[PROBLEM REQUIREMENTS]:
Tally every line of the listing where the string "Prestige" is found, and state the total alone.

[MATERIAL TO PROCESS]:

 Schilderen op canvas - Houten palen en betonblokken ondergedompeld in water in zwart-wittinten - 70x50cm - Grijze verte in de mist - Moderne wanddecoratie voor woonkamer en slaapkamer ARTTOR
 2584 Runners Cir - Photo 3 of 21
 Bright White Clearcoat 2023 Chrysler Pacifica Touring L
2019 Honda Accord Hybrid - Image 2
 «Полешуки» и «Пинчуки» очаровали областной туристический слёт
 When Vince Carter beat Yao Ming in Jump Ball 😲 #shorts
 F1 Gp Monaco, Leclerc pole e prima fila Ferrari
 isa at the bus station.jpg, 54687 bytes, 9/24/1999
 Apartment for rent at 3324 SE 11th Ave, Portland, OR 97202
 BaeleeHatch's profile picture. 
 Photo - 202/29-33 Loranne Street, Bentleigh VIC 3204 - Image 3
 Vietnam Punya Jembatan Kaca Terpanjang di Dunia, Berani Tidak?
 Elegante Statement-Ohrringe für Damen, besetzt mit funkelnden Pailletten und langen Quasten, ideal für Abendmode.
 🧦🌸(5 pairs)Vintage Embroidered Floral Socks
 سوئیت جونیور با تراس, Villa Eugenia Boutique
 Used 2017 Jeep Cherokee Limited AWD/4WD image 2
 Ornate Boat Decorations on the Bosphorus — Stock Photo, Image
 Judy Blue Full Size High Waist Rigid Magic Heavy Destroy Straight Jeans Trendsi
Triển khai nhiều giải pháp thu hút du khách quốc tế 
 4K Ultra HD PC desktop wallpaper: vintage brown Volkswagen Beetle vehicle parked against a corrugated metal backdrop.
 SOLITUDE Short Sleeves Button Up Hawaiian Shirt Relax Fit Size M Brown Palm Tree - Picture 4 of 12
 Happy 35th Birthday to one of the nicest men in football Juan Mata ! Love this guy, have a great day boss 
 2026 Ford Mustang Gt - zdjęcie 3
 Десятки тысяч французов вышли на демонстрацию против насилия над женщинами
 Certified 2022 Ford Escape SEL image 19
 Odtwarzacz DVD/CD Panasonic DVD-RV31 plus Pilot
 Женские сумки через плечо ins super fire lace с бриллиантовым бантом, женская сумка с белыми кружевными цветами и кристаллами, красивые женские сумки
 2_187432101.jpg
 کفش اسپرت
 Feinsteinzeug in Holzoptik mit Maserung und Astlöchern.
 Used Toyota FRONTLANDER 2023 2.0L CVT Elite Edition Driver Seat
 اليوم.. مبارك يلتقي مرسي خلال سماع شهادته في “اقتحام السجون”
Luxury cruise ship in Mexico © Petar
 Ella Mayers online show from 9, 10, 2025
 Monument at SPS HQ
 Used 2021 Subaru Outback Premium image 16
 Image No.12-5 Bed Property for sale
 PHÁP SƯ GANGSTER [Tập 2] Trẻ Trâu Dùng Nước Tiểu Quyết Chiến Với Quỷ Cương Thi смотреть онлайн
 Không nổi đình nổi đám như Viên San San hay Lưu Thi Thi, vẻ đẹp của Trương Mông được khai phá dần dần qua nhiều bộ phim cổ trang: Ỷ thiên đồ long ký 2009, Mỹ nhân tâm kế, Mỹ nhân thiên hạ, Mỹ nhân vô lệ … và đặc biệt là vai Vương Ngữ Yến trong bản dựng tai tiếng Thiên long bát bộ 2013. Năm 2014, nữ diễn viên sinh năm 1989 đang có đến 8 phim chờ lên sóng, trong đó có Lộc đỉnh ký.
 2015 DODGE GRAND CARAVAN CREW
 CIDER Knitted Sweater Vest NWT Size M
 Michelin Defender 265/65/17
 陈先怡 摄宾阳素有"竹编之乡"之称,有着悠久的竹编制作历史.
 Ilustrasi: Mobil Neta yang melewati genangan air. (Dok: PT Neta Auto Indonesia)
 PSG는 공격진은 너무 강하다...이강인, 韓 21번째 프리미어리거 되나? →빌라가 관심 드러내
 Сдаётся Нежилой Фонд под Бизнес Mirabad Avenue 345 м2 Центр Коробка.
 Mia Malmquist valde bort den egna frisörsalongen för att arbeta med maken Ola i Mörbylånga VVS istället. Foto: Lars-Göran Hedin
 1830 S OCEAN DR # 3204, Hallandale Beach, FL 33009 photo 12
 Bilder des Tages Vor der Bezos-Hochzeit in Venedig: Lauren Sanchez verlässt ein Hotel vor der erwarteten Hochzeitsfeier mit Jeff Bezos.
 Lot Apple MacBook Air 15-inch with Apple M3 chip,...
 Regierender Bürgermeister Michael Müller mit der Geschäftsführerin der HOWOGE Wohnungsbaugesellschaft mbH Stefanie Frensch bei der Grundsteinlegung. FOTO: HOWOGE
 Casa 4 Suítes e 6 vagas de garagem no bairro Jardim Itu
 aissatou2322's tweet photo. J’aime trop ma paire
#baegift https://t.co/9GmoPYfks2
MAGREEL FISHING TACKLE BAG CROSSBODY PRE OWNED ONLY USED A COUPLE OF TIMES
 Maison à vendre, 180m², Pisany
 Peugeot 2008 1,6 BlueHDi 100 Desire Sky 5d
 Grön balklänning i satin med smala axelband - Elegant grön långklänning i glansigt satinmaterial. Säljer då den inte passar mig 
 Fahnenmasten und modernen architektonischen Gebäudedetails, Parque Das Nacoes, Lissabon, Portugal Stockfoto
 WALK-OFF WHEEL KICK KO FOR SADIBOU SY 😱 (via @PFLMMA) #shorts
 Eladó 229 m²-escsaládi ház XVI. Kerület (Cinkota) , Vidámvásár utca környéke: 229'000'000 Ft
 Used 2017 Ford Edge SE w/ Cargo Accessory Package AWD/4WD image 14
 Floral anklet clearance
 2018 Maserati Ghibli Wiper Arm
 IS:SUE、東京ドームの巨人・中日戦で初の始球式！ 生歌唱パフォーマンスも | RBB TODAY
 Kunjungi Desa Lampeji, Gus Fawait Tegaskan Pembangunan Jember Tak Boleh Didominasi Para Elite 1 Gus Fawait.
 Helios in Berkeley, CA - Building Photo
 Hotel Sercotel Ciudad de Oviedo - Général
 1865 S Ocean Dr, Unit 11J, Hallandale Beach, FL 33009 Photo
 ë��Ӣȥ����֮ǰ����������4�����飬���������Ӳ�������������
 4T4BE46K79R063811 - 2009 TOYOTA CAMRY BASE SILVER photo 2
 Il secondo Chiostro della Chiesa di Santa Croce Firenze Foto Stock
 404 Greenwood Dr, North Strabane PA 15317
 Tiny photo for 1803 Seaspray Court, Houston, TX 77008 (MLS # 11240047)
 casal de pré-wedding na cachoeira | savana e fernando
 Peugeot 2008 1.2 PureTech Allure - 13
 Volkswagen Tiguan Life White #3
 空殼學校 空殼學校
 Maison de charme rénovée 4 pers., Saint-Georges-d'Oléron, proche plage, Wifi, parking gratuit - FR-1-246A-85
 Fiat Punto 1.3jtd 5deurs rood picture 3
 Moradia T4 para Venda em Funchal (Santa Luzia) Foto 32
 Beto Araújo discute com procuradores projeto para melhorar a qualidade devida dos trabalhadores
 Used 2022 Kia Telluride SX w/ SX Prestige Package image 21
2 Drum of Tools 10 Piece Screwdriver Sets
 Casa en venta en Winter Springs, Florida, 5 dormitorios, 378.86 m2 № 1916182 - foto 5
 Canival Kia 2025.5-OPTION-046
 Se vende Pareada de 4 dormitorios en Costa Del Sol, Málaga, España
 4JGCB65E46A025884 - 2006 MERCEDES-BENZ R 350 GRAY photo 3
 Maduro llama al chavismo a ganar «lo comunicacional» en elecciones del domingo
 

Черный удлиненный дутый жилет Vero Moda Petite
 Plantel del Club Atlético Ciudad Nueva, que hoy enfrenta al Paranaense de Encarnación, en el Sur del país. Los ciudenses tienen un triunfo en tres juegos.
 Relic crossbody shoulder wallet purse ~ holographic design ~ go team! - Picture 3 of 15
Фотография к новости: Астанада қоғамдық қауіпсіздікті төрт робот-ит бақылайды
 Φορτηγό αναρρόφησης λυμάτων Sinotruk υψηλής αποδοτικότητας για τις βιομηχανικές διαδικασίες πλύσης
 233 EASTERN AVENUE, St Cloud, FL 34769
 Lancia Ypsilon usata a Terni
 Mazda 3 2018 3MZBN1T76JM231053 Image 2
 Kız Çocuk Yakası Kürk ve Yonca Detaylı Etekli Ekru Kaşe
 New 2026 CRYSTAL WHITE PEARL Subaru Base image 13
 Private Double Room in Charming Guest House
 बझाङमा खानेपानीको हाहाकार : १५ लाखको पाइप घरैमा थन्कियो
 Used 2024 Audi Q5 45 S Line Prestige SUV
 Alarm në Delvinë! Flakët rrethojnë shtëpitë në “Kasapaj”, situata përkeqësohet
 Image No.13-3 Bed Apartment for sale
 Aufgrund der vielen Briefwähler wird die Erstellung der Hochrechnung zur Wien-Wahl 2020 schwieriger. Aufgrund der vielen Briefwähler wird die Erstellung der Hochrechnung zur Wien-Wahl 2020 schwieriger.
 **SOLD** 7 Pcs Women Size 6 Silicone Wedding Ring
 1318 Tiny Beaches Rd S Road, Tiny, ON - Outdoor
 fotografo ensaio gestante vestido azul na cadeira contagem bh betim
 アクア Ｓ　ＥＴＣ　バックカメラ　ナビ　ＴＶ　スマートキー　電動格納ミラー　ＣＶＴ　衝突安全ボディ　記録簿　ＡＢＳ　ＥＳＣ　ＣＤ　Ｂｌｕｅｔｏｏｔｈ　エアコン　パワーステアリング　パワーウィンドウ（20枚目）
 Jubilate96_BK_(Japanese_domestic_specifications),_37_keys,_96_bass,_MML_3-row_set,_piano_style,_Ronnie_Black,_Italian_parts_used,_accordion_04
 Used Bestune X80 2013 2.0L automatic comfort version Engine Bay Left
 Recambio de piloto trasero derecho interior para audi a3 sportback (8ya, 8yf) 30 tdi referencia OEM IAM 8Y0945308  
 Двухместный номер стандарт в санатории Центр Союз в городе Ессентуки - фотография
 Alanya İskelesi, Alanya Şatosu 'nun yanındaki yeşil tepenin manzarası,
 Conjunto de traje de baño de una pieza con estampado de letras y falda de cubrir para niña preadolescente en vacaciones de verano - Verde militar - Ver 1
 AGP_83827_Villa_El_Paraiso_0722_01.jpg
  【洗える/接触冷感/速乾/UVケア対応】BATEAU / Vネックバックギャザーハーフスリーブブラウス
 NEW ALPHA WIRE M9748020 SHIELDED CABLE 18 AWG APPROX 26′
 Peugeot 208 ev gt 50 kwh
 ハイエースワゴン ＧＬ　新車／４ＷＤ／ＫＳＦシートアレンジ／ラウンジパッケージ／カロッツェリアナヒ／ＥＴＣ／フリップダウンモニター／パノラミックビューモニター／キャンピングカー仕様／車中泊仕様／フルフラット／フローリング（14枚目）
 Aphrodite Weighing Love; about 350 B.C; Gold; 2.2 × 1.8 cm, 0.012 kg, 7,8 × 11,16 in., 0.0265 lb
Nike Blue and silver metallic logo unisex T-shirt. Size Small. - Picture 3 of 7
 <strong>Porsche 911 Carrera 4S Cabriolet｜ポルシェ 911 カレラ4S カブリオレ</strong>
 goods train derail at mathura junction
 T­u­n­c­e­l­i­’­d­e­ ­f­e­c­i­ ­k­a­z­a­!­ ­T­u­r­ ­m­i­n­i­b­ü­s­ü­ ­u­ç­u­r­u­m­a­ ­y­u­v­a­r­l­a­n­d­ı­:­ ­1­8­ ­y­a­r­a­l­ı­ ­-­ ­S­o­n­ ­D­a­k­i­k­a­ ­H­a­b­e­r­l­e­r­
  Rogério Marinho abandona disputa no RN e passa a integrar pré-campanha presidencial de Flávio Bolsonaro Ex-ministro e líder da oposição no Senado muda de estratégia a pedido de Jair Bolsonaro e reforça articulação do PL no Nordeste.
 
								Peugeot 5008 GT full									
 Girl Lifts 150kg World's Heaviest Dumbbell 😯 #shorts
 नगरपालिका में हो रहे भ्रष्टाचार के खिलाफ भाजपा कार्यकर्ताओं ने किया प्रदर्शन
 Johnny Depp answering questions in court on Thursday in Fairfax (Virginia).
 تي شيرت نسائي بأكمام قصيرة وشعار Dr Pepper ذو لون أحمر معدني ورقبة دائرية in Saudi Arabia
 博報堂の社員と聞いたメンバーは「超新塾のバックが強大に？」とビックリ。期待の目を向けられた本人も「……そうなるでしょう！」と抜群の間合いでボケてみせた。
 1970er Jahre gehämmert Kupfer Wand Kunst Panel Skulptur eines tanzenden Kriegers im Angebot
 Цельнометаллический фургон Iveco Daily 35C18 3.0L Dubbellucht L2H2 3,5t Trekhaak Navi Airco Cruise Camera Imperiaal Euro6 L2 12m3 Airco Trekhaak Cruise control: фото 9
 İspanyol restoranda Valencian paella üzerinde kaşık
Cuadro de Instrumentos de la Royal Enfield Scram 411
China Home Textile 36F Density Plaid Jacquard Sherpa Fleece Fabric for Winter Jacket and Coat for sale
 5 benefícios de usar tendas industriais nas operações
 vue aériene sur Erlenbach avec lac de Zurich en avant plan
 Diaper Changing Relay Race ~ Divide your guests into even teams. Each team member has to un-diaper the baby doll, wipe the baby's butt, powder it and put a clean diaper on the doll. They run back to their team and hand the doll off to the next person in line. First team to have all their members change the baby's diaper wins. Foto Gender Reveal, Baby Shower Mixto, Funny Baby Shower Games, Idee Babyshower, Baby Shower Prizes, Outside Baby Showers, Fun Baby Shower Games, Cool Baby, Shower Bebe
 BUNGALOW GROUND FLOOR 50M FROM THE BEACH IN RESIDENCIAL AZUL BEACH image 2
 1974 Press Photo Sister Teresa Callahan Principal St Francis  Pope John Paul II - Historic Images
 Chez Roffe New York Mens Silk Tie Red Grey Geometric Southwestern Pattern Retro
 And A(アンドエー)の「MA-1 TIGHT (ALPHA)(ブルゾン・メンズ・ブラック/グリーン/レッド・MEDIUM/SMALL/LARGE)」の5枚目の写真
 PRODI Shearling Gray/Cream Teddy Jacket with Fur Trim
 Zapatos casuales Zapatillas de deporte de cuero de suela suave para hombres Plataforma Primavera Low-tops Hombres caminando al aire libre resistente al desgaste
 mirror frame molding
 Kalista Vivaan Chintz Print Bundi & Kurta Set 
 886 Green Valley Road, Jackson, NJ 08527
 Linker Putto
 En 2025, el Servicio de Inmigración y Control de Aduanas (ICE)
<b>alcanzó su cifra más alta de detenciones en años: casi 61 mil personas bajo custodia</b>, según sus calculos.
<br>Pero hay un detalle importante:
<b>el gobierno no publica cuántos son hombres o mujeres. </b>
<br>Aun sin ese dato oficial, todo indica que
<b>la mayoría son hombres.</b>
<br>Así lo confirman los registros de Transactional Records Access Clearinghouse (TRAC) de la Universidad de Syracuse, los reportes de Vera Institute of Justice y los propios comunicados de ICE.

[TASK RESULT]:
2